Eine ständige Vertretung des Papstes im Deutschen Reich gab es erst 1584. Da wurde eine Nuntiatur in Köln begründet. Die war im Heiligen Römischen Reich Deutscher Nation akkreditiert. Dann gab es 200 Jahre später, weil Bayern etwas Besonderes sein wollte, die Nuntiatur in Bayern 1784.
DOMRADIO.DE: Wie haben sich die Beziehungen durch die zwei Weltkriege verändert?

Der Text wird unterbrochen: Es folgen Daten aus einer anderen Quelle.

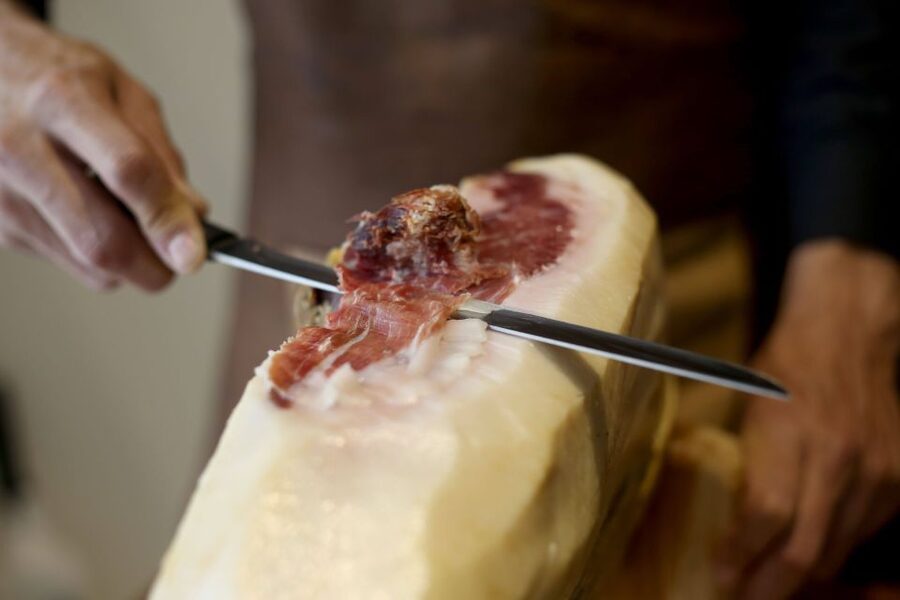 Lisbon: Premium Port Wine Tasting & Tapas - The Five-Port Tasting: White, Ruby, and Tawny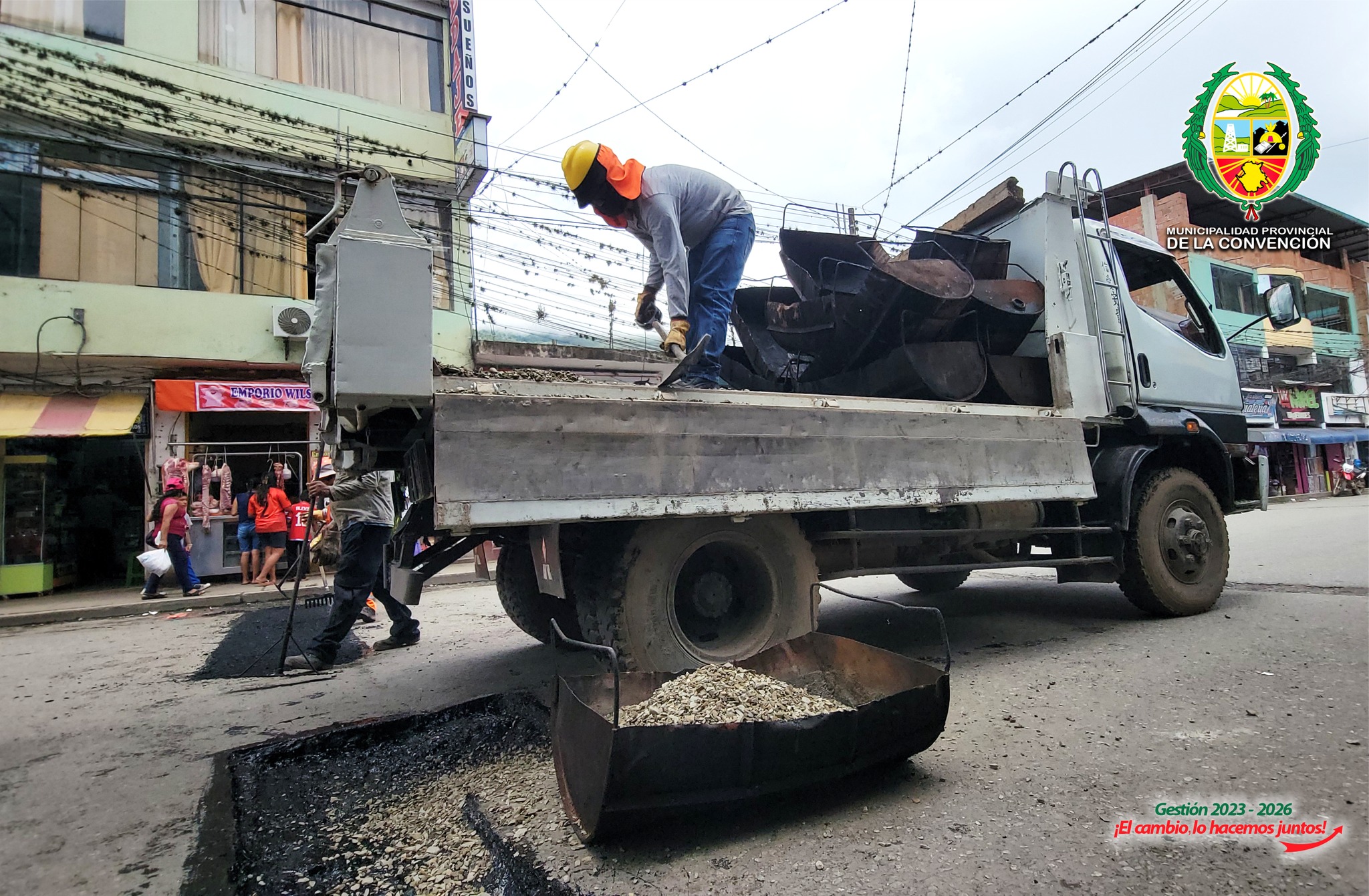 Se inicio los trabajos de mantenimiento de pistas en las principales calles de la ciudad de Quillabamba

Nersinger: Sie haben sich teilweise verändert. Es gab aber auch dramatische Situationen. 1917 wurde Eugenio Pacelli, der spätere Pius XII., zum Apostolischen Nuntius in Bayern ernannt, also noch mitten im Ersten Weltkrieg. Als sich das Ende des Krieges für Bayern abzeichnete, kam es in München zu Revolutionen, wie den Spartakistenaufstand.
Die Spartakisten wollten die Nuntiatur besetzen und den Nuntius zu der Herausgabe seines Botschafterwagens zwingen. Der Nuntius hat sich ihnen entgegengestellt, obwohl er im Grunde schon die Pistole an der Schläfe hatte. Aber er hat es dann durch sein Auftreten geschafft, Schlimmeres abzuwenden. Das Besondere ist aber eigentlich, dass der Nuntius in München geblieben ist, während alle anderen Diplomaten geflohen waren.
DOMRADIO.DE: Deutschland feiert den Tag der Deutschen Einheit. Hat der Vatikan die Wiedervereinigung gutgeheißen? Gab es dazu eine offizielle Reaktion?
Nersinger: Das fanden sie auch mit Blick auf den damaligen Papst Johannes Paul II. natürlich gut. Aber es gibt auch eine interessante Episode. Im Rahmen der Ostpolitik hatte man im Vatikan erwogen, diplomatische Beziehungen zu Ostberlin aufzunehmen. Das war ganz kurz vor dem Mauerfall. Aber der Mauerfall ist dazwischengekommen und hat vielleicht so eine Art Wunde zwischen Deutschland und dem Heiligen Stuhl verhindert.
DOMRADIO.DE: Gibt es besondere Geschichten rund um diplomatische Verwicklungen oder sogar Fauxpas?
Nersinger: Es gibt eine recht bedeutsame Geschichte, die sich 1848 abspielte. Das war das Jahr, in dem in Rom die Revolution ausbrach. Der Palast des Papstes wurde belagert, sodass der damalige Papst fliehen musste. Pius IX. musste sich aufmachen, in ein befreundetes Land zu fliehen, nach Gata ins Königreich beider Sizilien.
Man schaute genau, wo der Papst war und letztendlich gelang es dem bayerischen Gesandten durch verschiedene Umstände und Tricks, den Papst zur Flucht zu verhelfen.
Der Papst hat dann in Zivilkleidung den Palast verlassen und ist in eine Kutsche gestiegen. Der bayerische Gesandte fragte den Papst daraufhin, wie er sich in Zivilkleidung und bei Fahrt durch die römische Campagna fühle. Dann soll der Papst gesagt haben: "Wie ein Landarzt". Er hatte auch in einer solchen Situation noch eine gute Portion Humor.
Das Interview führte Verena Tröster.